It's not completely obvious whether the net result is less or more total suffering, though it seems intuitive that the increase in total suffering due to seeking out more resources might be less than the reduction due to being willing to take more risks.

The interpersonal-scaling problem

The discussion so far has one big hole in it. How much longer you have to live affects how reckless you are, but it doesn't say whether that's manifested as less fear/pain or as more excitement/pleasure. I could have just as well said that short-lived animals feel vastly more pleasure upon success than longer-lived animals, because they have few chances left, so it's worth risking terrible pain for rewards. In a species that mates only a few times before death and doesn't care for its offspring, a single orgasm might be like the sum of years of orgasms and child raising for a human, because a large fraction of the organism's fitness is contained in that action.

If instead of downweighting the pain of short-lived animals, we upweighted their pleasure, we would conclude that short-lived animals suffer equally with long-lived ones per injury, and because they risk injury more, they actually suffer more in total!

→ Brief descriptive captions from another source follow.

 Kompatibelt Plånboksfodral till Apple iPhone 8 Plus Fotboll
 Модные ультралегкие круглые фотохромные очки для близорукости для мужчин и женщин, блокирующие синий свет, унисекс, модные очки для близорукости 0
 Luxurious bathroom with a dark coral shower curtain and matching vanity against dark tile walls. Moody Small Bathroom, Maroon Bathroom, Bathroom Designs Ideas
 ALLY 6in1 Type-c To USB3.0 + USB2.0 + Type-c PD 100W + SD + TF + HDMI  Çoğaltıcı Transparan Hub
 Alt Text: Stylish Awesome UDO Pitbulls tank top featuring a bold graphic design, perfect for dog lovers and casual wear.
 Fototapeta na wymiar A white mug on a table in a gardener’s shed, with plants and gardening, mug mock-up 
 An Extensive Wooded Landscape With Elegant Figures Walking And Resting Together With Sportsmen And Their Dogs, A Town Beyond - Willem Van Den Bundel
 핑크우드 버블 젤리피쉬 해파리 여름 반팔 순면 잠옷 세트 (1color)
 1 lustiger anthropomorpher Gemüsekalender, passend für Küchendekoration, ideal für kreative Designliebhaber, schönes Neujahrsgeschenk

The marginal benefit/cost graphs from the previous section can capture the ambiguity about whether greater recklessness is due to lower suffering or merely higher pleasure. Instead of having a lower marginal-cost curve, we could say that short-lived animals have a higher marginal-benefit curve for a given level of resources because the percentage of their total fitness that comes from a given bite of food or mating event is much higher:

This is nothing other than the generic problem of scaling interpersonal utilities when we're taking the utilities to be based on motivational tradeoffs. We have to pick exchange rates among various organisms, but it's not obligatory that we set equal insect pleasure with human pleasure and downweight insect suffering. We could instead set insect suffering equal with human suffering and then upweight insect pleasure. Or we could do something in the middle.

Carl Shulman suggests (personal communication) that it's more plausible to say that insects suffer less rather than that they feel more pleasure because simpler animals can get by with fewer gradations of hedonic experience, so it's easier if evolution just uses less intense emotions. Of course, the choice of interpersonal weighting is still fundamentally up to us, but this provides some intuition for taking insect experience to be less intense. In contrast, others have made the reverse claim: Because simpler animals have fewer gradations, it's easier for them to get close to their worst possible experiences. If we took this view, we could regard insect suffering as more morally problematic than that of a larger animal with a broader range of experiences.

If we did consider injuries by more reckless animals to be less painful than those of bigger animals, it's interesting to ponder to what extent we could capture this through their reduced brain sizes. For instance, maybe an animal twice as reckless has half the size of pain neural regions but the same size of pleasure regions as a cautious animal. Of course, if the reckless animal is really small, then its whole brain would also be scaled down: e.g., maybe its pleasure regions would be 1/100th the size of the bigger animal's pleasure regions and the pain regions 1/200th the size of the bigger animal's pain regions. Note that it's not obvious we should weight ethically by brain size, and even if we do, we might give smaller brains more weight than their size implies due to much higher efficiency. But it's plausible that within a brain, weightings are roughly linear in size (or, at least, number of inputs to decision regions of the brain).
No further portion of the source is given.